Fellow ZDNet blogger Denise Howell and I went to an AttentionTrust luncheon, where Michael Goldhaber decoded the concept of attention and Seth Goldstein and Steve Gillmor rolled out some AttentionTrust and GestureBank announcements. Denise covers Goldhaber's talk and the Goldstein/Gillmor announcements with her usual thoroughness. Be sure to check out her posts.

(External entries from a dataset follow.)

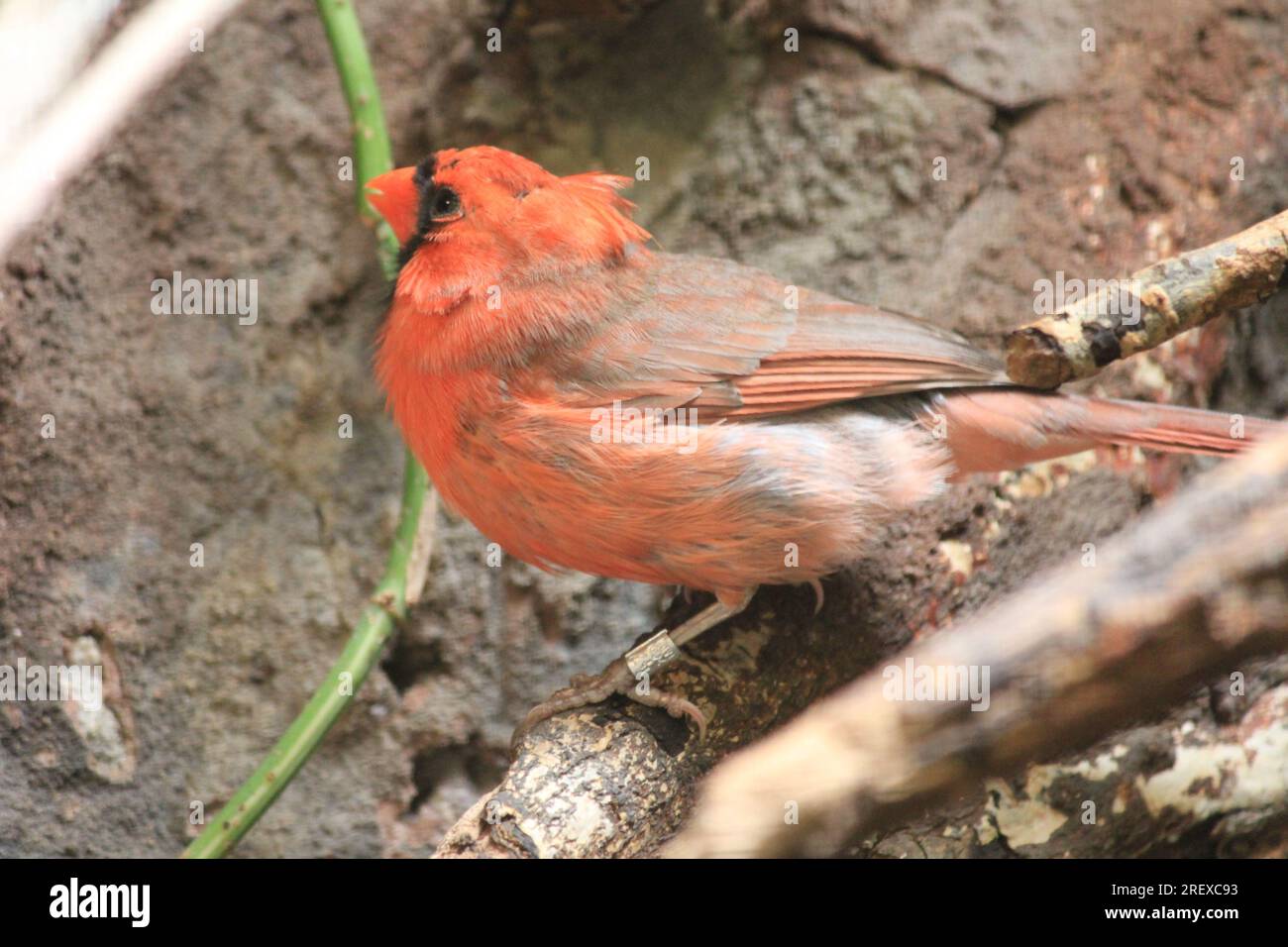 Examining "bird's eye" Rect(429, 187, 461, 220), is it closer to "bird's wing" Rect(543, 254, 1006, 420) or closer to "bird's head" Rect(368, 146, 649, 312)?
"bird's head" Rect(368, 146, 649, 312)

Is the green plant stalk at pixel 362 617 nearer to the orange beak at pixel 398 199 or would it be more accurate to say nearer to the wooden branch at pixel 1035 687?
the orange beak at pixel 398 199

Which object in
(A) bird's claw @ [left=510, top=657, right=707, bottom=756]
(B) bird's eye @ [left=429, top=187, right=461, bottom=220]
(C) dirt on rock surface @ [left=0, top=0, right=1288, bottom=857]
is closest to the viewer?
(A) bird's claw @ [left=510, top=657, right=707, bottom=756]

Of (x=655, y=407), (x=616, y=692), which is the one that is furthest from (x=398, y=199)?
(x=616, y=692)

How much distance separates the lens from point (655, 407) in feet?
11.4

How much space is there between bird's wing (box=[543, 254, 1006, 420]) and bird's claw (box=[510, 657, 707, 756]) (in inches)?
29.3

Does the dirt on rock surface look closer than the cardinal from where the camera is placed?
No

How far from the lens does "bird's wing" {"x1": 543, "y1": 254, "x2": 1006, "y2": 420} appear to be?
3.50 meters

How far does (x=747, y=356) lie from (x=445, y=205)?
3.21 ft

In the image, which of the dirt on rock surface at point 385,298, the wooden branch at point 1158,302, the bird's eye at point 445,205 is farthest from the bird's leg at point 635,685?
the bird's eye at point 445,205

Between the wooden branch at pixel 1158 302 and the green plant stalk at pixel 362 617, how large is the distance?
6.34ft

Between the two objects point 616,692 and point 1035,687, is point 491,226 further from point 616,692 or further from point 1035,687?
point 1035,687

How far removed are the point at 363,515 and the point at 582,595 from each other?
2.83ft

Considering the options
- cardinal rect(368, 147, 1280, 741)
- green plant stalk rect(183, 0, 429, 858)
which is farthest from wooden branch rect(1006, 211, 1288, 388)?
green plant stalk rect(183, 0, 429, 858)

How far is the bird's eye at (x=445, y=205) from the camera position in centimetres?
366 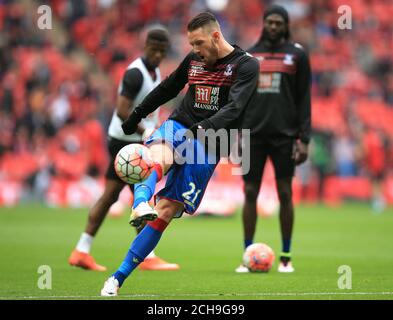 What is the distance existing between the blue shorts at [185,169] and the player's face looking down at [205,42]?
700 millimetres

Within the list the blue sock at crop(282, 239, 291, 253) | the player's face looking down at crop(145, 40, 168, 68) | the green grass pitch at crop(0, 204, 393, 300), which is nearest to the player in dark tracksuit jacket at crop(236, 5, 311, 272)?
the blue sock at crop(282, 239, 291, 253)

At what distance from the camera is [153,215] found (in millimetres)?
6562

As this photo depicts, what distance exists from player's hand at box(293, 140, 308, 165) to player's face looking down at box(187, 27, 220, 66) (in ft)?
9.36

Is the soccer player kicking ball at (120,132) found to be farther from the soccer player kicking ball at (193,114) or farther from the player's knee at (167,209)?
the player's knee at (167,209)

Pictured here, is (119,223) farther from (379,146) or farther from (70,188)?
(379,146)

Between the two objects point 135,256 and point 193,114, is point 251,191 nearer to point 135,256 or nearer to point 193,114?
point 193,114

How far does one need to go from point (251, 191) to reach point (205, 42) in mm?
3054

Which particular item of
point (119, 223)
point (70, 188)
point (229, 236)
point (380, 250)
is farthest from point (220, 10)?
point (380, 250)

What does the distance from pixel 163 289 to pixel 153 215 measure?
1.53 meters

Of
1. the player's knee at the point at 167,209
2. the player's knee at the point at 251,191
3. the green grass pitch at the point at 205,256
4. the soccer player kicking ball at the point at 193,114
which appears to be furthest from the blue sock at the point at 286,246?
the player's knee at the point at 167,209

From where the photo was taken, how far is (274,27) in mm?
10094

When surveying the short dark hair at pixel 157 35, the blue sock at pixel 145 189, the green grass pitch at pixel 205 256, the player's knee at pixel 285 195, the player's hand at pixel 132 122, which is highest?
the short dark hair at pixel 157 35

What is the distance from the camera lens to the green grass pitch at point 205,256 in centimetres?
769

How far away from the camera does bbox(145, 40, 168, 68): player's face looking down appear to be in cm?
992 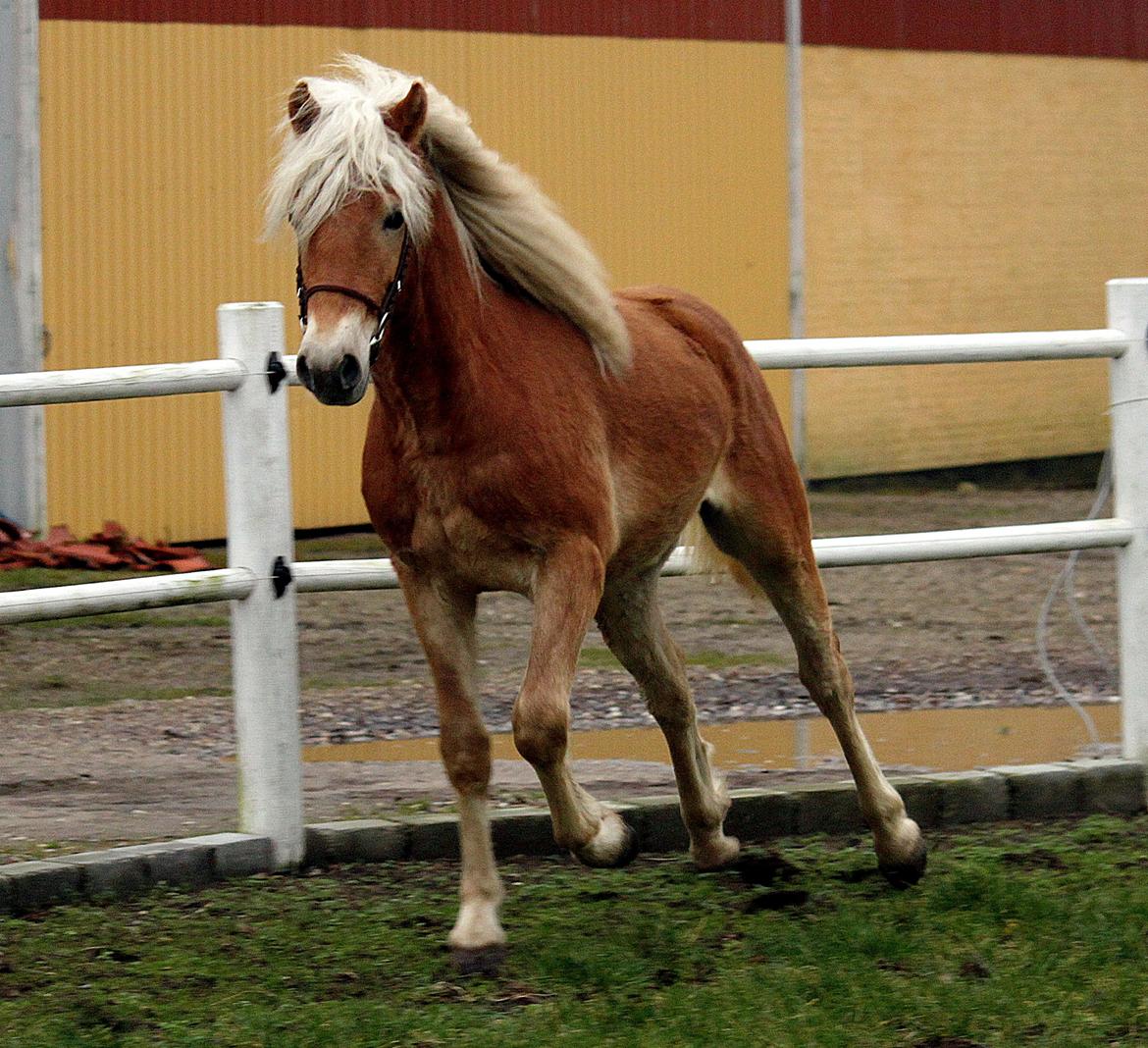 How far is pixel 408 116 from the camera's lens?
483cm

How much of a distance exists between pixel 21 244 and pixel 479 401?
895 cm

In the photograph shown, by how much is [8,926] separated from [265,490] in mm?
1395

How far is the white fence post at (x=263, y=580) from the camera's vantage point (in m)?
5.88

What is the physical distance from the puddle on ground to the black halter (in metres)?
3.06

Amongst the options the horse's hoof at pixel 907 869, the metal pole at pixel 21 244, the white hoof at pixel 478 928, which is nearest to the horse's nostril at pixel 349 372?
the white hoof at pixel 478 928

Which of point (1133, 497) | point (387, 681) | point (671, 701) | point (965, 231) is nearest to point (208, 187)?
point (387, 681)

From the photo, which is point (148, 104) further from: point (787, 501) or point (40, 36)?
point (787, 501)

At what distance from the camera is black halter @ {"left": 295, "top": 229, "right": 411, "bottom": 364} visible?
455 cm

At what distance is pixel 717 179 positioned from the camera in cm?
1706

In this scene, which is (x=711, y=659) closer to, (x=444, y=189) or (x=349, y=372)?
(x=444, y=189)

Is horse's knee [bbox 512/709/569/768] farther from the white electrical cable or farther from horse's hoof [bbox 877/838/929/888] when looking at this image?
the white electrical cable

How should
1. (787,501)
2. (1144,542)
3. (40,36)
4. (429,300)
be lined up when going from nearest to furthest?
(429,300)
(787,501)
(1144,542)
(40,36)

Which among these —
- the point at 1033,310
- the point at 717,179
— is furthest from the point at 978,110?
the point at 717,179

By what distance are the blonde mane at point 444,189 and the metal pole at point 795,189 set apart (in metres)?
12.2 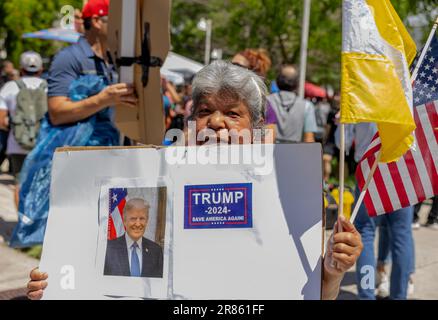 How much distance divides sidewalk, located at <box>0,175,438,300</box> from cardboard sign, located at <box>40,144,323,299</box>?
3.25 metres

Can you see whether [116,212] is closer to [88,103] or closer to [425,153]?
[425,153]

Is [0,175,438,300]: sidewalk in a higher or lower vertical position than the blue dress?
lower

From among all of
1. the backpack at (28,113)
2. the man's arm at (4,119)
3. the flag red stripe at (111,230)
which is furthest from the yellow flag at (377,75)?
the man's arm at (4,119)

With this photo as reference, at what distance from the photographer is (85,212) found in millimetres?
2082

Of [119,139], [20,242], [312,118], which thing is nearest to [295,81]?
Answer: [312,118]

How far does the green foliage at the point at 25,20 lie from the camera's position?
76.6 feet

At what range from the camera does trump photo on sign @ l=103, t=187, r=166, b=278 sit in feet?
6.56

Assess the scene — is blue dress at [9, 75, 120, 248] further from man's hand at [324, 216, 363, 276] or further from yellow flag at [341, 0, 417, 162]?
man's hand at [324, 216, 363, 276]

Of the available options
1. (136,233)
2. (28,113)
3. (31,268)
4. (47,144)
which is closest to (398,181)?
(136,233)

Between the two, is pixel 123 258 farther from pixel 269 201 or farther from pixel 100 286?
pixel 269 201

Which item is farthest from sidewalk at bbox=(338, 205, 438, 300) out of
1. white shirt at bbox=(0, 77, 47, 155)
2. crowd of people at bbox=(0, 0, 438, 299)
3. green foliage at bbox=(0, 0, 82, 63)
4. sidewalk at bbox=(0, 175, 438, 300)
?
green foliage at bbox=(0, 0, 82, 63)

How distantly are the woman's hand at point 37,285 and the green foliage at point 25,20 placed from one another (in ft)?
70.6

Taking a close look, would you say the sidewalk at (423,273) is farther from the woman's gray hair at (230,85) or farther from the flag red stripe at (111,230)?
the flag red stripe at (111,230)

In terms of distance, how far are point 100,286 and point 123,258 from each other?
11 centimetres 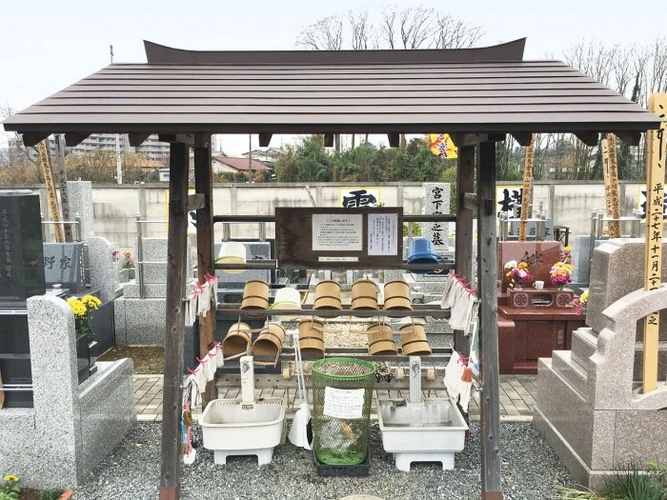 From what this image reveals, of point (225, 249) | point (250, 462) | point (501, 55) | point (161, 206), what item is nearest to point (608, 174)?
point (501, 55)

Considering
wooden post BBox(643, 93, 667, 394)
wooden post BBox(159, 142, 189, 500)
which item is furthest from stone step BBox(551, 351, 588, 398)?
wooden post BBox(159, 142, 189, 500)

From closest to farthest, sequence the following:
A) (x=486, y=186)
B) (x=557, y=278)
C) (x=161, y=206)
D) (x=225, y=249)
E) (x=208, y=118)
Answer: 1. (x=208, y=118)
2. (x=486, y=186)
3. (x=225, y=249)
4. (x=557, y=278)
5. (x=161, y=206)

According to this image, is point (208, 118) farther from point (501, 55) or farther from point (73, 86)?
point (501, 55)

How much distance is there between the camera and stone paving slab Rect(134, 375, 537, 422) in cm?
630

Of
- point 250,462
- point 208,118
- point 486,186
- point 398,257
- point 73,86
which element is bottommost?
point 250,462

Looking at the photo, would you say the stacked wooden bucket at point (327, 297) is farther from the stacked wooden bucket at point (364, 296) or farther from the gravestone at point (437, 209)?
the gravestone at point (437, 209)

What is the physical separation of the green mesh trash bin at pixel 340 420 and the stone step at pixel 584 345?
6.36ft

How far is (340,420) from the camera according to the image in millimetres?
4906

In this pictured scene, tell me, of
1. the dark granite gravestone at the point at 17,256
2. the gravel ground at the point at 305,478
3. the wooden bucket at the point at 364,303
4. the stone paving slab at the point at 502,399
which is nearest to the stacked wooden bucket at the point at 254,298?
the wooden bucket at the point at 364,303

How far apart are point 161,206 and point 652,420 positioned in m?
17.7

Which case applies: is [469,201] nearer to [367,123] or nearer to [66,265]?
[367,123]

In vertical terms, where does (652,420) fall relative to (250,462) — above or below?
above

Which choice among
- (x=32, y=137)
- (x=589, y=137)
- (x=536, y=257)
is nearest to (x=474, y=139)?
(x=589, y=137)

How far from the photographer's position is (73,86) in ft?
14.9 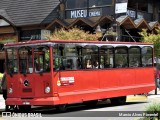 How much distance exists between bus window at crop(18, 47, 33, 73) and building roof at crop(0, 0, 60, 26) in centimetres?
2141

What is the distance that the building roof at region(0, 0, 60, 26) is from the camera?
127ft

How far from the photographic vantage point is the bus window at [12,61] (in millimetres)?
16844

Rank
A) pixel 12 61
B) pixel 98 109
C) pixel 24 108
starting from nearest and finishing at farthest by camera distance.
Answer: pixel 12 61 → pixel 24 108 → pixel 98 109

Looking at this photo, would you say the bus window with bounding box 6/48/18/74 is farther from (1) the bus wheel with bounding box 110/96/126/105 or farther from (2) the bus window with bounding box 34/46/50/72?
(1) the bus wheel with bounding box 110/96/126/105

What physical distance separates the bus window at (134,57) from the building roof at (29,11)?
18850mm

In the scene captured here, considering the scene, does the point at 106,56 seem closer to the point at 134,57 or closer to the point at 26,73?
the point at 134,57

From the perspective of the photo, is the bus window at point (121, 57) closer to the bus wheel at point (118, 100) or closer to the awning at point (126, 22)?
the bus wheel at point (118, 100)

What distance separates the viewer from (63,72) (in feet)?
53.4

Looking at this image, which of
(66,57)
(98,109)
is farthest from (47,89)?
(98,109)

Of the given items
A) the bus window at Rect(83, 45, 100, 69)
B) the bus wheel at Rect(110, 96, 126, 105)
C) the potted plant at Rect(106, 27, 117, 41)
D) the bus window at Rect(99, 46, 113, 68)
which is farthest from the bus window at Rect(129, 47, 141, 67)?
the potted plant at Rect(106, 27, 117, 41)

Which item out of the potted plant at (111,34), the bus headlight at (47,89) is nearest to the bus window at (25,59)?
the bus headlight at (47,89)

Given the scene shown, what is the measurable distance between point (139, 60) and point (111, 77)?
2.22 m

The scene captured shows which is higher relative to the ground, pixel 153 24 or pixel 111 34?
pixel 153 24

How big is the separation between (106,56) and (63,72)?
2.72m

I came away from Goldhaber's talk with a better understanding of attention as a force of human nature, a kind of currency that everyone craves and dishes out according to various conventions. The Internet brings the potential of getting the attention of hundreds or millions of people, Goldhaber said, but attention is an intrinsically scare commodity. "Technology creates the potentiality for more attention, but also the increased competition for attention leads to scarcity, so have to compete very hard to get that," he said. Basically every waking hour multiple inputs are competing for your attention or you are seeking attention. Goldhaber added the notion of illusory attention, where a speaker or TV talk show host, for example, gives the illusion of paying attention to each individual in the audience, trying to convince them that what he or she is saying is important.
Web sites try to provide illusory attention by giving the reader, viewer, clicker some sense of control over the content, Goldhaber added. "Some people with some Web sites collect data and then use the data to pretend to the person that they know who they are," Goldhaber said, citing Amazon. "You feel aligned by the software, and it seems personal and is telling you stuff you’re are a little surprised they know and a sense of empathy for you. It works until the suggestions are very stupid. It's an arms race--as users become more sophisticated, [Web sites] have to come up with more sophisticated illusory attention to create sense know something about you."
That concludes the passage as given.